▸ **What this task involves**
Could you filter the listing for lines with the word "Foto" and return them?

▸ **Provided material**
- Opening Delimiter -

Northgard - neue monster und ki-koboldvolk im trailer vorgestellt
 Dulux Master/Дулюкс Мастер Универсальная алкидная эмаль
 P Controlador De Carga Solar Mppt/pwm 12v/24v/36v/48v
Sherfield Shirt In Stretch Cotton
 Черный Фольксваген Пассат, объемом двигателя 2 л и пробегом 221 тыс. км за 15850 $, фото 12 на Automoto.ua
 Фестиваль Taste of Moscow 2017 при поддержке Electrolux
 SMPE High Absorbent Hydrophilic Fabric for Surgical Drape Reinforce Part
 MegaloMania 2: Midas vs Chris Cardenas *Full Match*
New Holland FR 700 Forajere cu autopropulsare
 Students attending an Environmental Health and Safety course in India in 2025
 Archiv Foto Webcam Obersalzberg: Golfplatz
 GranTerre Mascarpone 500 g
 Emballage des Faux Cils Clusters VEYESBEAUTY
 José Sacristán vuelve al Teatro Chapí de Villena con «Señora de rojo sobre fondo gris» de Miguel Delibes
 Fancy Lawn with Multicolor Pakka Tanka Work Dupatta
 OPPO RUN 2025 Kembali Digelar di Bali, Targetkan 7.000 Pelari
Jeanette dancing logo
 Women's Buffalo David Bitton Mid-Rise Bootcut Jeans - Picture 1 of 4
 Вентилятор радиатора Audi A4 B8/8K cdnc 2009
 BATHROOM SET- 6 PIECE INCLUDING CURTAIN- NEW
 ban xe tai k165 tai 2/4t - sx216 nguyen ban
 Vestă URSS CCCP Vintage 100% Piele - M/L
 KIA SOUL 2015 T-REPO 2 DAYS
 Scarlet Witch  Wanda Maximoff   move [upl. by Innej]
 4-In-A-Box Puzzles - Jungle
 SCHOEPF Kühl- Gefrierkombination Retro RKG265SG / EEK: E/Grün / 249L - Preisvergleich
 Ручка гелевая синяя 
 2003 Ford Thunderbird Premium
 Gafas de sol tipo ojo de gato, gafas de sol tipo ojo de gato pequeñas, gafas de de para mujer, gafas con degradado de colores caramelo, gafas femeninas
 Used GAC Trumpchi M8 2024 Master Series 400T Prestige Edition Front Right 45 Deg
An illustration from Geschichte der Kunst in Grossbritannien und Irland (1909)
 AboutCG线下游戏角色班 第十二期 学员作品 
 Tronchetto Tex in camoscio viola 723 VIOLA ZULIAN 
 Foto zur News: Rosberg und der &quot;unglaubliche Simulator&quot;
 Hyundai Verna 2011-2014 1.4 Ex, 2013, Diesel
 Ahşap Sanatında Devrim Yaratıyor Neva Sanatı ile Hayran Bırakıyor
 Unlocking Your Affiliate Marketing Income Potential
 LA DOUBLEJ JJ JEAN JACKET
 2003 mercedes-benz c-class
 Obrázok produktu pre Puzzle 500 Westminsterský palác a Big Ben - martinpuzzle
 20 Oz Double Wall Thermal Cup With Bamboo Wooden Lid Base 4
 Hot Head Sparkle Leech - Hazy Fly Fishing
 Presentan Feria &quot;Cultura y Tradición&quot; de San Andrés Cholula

- Closing Delimiter -

▸ **The answer**
 Archiv Foto Webcam Obersalzberg: Golfplatz
 Foto zur News: Rosberg und der &quot;unglaubliche Simulator&quot;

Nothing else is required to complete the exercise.